1 Introduction

The Government Digital Service (GDS) is promoting a new analyical workflow based on R Markdown. R Markdown is a way of writing reports using R statistical software and RStudio which combines analysis and reporting in a single document which can be automated, reproduced and output in html format as as word or pdf documents.

The proposed data flow means that documents can be easily prepared in appropriate format for publication to .gov.uk. The GDS data science team have produced some graphical templates for use on the .gov.uk platorm.

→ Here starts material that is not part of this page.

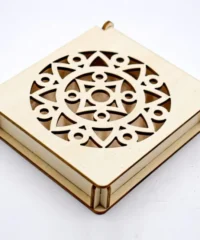 Round gift box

It cuts down the number of steps involved in creating reports, reduces the risk of error and can be automated to produce multiple reports in one go, or adapted as a template to report on different topics or issues without too much effort.

As a major publication plaform for Official Statistics in PHE, Fingertips, producing reports, analysis and interpretation alongside the publication of statistical data is increasingly important.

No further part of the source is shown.